KPB: Absolutely! We’ve done all sorts of paper and pencil analyses and what you quickly discover is that while the data rates from devices like the ones I’ve mentioned are low, the numbers of units one might want to monitor and control are immense. So you add this up at the scale of a city or some larger region, and suddenly you are looking at a very big data scenario. This is what drove us towards cloud computing models: those are the most cost-effective options for capturing and working with big data today. My group’s approach has been to harden the cloud infrastructure so that it can offer the real-time, reliability and security properties required.
So for example we’ve created the Vsync software library (your readers can download it from vsync.codeplex.com), and are working now on extensions that will leverage RDMA remote DMA transfers over optical networks to do reliable data replication at amazing speeds, maybe 10,000x faster than what we’ve seen in the past using file copying tools on clusters of Linux servers. Another new system, SST, will let us track the state of small groups of cooperating servers in real-time.
Then we’re integrating these low-level tools into higher-level software. For example, our new Freeze Frame File System lets us track streaming data in real-time, and can materialize very accurate slices of the data on demand, or large numbers of slices if desired, with optimal temporal guarantees and also logical consistency: you never see a mashup of data from different period somehow combined in one slice. FFFS will be using RDMA replication so that if you access it from Hadoop on Spark, the actual movement of data benefits from those amazing speeds I mentioned.
And our CloudMake software manager is a tool built on the Vsync software library that will do 24×7 system management in a style that looks to the developer just like building old-fashioned makefiles.
Our platform wraps these together – we call it GridCloud. Everything is open source, so if any of your readers sees a possible fit, they are welcome to use our solutions. We would be happy to help them if they have questions.

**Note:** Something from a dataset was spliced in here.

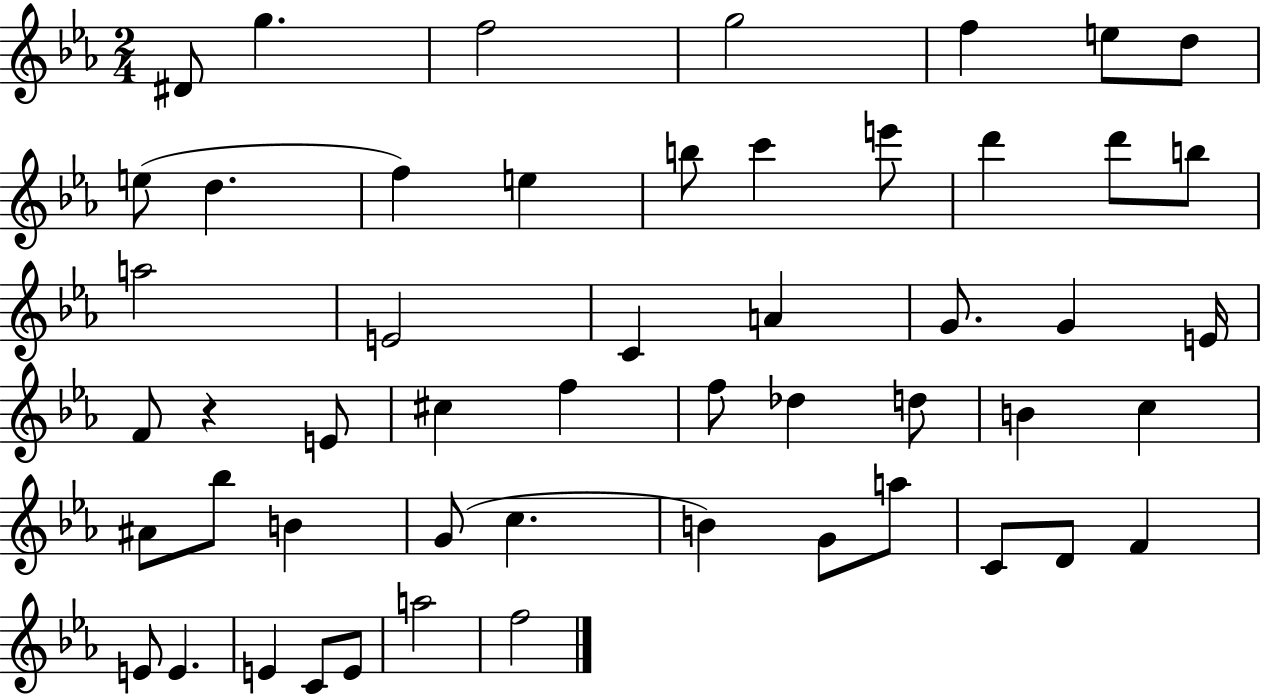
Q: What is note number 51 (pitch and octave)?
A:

RZ: So now tell me what the big challenges are? Is there a need for much more research or can companies already think about products for this kind of setting?
KPB: We do see many research challenges. For example, one would want to preserve privacy, even as we automate power management in your house. The tensions there are obvious and pose big puzzles, but we think they can be solved. Another area for research is to understand how to use the cloud as a reactive control system. When you think about smart grid settings, or for that matter about smart cars that depend on help from the cloud, or smart cities that coordinate traffic flow using cloud resources, you suddenly see a rather tight round-trip loop: data is acquired, we run these machine learning and optimization codes, and then we want to promptly act on the basis of what they recommend.
The tighter that loop can be the better.
Speed is a big issue because ultimately, the time-limiting steps come down to moving big data sets from place to place. In fact this is why we are so focused now on RDMA (and on NVRAM, 3D-XPoint, and other similar solutions too). The key for us is to integrate these ultra-fast hardware options into high value software platforms.
And my specialty is strong reliability guarantees, so I go further and ask how to provide a rich formal model and correctness proofs for everything we create.
But today’s cloud is really not optimized for that particular case. In fact, as many readers will know, the cloud today believes in CAP and basically favors weak consistency at the edge, specifically to allow long data transit times from when data is captured until when the system acts upon it. So cutting that delay down and finding consistency and reliability models that are scalable – all of these are important research agendas. And the longer agenda is to shift from a CAP cloud to a consistent, real-time reactive, privacy-preserving cloud!
RZ: Well, I want to thank you very much. Where could my readers look in order to learn more about this area?
KPB: One collections of very recent videos I would recommend was the set created at the ACM SIGOPS History Day event in Monterey California last fall, just before the 25th iteration of the Symposium on Operating Systems Principles, which as you know is the top systems conference. Your readers would find the collection of videotapes at http://sigops.org/sosp/sosp15/history/index.html, and some of the talks have accompanying essays too – I just posted a 30-page essay to go with my talk, on the history of fault-tolerance. I felt that the talks gave a wonderful sense of how the systems community is shifting its goals to match this new era of big data and big systems.
You see that also in the papers at the conference, which are also online. A great many were on these kinds of topics.
For our GridCloud platform, which is what I was talking about above, they could look at http://www.cs.cornell.edu/Projects/gridcontrol/.
We’ve linked some technical reports there, and are also working on full papers on the system. All of my papers are available at http://www.cs.cornell.edu/projects/quicksilver/pubs.html.